I still hate mornings but also, because of cuddles from a fearless kitten, it is my favorite part of the day.  I will count this as a victory.  A short-lived victory though because feet must touch the floor, anchors must be dropped onto the day and work, fucking work is waiting.  

I have a job.  This is good.  So many people don’t have jobs right now or they have jobs that barely pay their bills.  I am fortunate.  I have a good job with great leadership that pays me well.  But still, overcoming tragedy, I feel, requires more than the few hours remaining after work each day.  Shit, I can barely focus while I’m sitting at my desk.  It’s sort of pointless but I do it anyway.  I sit at a desk staring at a screen sometimes not moving for an hour.  Sometimes I look up and find I have been productive for an entire hour and that’s another win.  But always I can hear my garden calling me.  Always I wonder if it needs a sip of water or how the bees are doing today or if they have something new to tell me.  I linger now between two worlds: the one I was given after he killed himself where I sit for hours watching dragonflies rest on ledges, hummingbirds hum nearby, cicadas crescendo in the distance then write it all down, and this old world where I sit at a desk in a room painted desert bone with screens and keyboards and cases to review and I go through the motions.  I move my eyes across a screen.  I move my hands across a keyboard.  I call my mind back to this room as it drifts unnoticed down the stairs outside into my garden.  No more endless hours watching honeybees dance among round buds of purple standing tall on top of allium shoots.  No more getting lost inside the creamy yellow coreopsis and the drifting blades of muhly grass dancing with the wind.  I linger now between two worlds: the world I made from scratch from the ruins of this tragic tale, and the world where nothing every really changed.  Not enough time to get lost inside my garden.  Not enough strength to focus on my work.  I dip my toes in each world and then move on. Always in the distance I hear my garden call me back.  

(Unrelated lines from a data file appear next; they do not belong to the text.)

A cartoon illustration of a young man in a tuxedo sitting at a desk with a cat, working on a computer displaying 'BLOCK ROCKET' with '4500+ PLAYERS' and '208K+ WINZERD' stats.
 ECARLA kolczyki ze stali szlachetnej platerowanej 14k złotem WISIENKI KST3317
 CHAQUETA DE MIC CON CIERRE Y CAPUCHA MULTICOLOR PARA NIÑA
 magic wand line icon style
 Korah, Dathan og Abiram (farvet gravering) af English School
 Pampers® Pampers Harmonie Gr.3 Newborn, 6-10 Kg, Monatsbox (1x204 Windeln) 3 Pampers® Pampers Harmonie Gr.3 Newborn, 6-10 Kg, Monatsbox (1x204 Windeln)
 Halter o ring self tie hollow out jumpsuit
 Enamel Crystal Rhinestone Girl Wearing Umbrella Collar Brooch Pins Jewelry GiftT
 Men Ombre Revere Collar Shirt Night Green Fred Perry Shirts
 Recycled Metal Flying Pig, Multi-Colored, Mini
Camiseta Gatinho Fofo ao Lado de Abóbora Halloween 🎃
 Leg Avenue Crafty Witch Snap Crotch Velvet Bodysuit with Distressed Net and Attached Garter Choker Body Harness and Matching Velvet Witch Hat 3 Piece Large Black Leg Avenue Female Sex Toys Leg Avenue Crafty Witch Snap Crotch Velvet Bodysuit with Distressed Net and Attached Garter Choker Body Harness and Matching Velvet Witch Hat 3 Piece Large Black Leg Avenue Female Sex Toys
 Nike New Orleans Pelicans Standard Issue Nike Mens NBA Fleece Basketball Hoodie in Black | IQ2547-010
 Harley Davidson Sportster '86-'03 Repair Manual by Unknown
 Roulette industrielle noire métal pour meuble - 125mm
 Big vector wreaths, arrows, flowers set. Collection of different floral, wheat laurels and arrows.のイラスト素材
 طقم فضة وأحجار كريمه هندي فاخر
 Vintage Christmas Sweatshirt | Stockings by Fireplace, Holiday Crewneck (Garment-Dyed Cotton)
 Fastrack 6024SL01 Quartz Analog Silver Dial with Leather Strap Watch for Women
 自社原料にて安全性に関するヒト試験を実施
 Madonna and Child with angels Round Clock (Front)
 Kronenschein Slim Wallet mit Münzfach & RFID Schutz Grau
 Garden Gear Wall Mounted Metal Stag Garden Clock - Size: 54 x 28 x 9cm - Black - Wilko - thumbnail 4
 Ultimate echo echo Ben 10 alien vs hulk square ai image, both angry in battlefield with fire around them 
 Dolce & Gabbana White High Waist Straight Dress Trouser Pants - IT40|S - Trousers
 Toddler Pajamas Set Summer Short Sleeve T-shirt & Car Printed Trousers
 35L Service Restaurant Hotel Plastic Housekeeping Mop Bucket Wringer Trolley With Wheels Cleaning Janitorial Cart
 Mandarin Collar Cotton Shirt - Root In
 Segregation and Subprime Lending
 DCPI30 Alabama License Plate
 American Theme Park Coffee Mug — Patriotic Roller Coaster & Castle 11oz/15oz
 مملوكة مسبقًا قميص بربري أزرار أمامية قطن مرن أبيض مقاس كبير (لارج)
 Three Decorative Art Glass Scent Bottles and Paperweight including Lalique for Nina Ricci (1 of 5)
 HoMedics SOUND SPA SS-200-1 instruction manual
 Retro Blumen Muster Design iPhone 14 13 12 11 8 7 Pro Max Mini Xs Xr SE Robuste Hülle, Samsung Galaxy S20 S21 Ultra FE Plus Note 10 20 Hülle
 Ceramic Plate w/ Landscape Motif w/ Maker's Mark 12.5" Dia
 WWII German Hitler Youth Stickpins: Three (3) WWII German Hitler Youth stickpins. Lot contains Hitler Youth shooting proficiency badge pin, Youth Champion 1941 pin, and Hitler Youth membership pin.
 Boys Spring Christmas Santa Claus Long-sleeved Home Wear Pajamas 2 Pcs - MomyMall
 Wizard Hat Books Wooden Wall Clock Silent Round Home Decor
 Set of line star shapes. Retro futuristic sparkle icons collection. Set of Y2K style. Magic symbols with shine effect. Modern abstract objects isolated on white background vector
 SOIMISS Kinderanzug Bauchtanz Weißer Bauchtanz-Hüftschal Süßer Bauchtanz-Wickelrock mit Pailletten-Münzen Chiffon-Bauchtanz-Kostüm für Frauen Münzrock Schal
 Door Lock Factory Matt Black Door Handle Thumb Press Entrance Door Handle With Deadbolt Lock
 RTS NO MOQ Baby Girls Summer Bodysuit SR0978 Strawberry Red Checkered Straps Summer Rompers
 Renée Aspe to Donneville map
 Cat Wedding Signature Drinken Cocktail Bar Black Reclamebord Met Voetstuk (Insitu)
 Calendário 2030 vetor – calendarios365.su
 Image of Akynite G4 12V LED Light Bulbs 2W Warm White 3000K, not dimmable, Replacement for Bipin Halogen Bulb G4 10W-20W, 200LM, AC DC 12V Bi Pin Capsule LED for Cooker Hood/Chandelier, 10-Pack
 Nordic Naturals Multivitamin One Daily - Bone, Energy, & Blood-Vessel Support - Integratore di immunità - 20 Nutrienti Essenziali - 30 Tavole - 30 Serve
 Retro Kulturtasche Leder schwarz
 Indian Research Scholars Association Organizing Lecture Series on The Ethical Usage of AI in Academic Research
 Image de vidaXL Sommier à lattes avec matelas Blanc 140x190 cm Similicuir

I should be more grateful. I AM grateful.  I should be more focused.  I try! I should do so many things.  Yet here I sit exactly where I want to be.  The symphony of summer writes its final score.  But work awaits.  I shouldn’t sit here any more.  

I made coffee today. That’s a win.  I’m hungry but I don’t eat.  Not a win.  Then my eyes land on this thing of wonder, this Crape Myrtle that I brought home eight weeks ago, nursed back to health then planted where the cherry tree died, this Myrtle whom I’ve come to know so well and absolutely adore has, while I sat upstairs in my desert-bone office staring at computer screen, opened up her first bloom.  That, my friends, is indeed a victory. 

Work awaits. I must go back upstairs.